Short web captions
-------

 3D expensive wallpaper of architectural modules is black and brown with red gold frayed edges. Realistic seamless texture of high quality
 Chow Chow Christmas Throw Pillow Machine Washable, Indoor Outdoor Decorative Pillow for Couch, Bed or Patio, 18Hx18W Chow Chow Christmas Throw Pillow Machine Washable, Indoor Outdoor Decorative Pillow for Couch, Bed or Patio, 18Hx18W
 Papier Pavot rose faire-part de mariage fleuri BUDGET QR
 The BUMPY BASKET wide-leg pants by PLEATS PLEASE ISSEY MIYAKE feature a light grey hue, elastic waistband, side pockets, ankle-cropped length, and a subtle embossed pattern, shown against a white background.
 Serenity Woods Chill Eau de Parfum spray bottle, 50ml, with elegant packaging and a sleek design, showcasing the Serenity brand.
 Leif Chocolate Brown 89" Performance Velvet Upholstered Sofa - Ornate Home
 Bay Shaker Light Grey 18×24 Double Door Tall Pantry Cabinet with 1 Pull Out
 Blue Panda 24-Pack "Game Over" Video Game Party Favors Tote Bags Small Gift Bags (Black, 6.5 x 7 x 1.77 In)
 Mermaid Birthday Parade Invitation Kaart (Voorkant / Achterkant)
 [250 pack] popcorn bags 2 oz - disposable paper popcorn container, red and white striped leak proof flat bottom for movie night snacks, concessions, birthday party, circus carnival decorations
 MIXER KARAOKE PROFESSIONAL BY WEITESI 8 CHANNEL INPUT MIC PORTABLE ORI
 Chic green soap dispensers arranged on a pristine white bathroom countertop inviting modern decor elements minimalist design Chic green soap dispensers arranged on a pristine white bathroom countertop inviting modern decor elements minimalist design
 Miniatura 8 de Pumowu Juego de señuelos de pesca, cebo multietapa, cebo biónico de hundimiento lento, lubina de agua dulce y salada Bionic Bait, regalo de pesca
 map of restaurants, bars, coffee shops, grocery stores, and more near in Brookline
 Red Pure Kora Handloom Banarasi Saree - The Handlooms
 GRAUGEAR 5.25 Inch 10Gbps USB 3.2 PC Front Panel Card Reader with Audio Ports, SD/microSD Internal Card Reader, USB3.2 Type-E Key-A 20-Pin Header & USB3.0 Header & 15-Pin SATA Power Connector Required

-------

> **Exercise objective**:
Every line in the data that holds "with" should be copied out.

> **Task solution**:
 3D expensive wallpaper of architectural modules is black and brown with red gold frayed edges. Realistic seamless texture of high quality
 Serenity Woods Chill Eau de Parfum spray bottle, 50ml, with elegant packaging and a sleek design, showcasing the Serenity brand.
 Bay Shaker Light Grey 18×24 Double Door Tall Pantry Cabinet with 1 Pull Out
 GRAUGEAR 5.25 Inch 10Gbps USB 3.2 PC Front Panel Card Reader with Audio Ports, SD/microSD Internal Card Reader, USB3.2 Type-E Key-A 20-Pin Header & USB3.0 Header & 15-Pin SATA Power Connector Required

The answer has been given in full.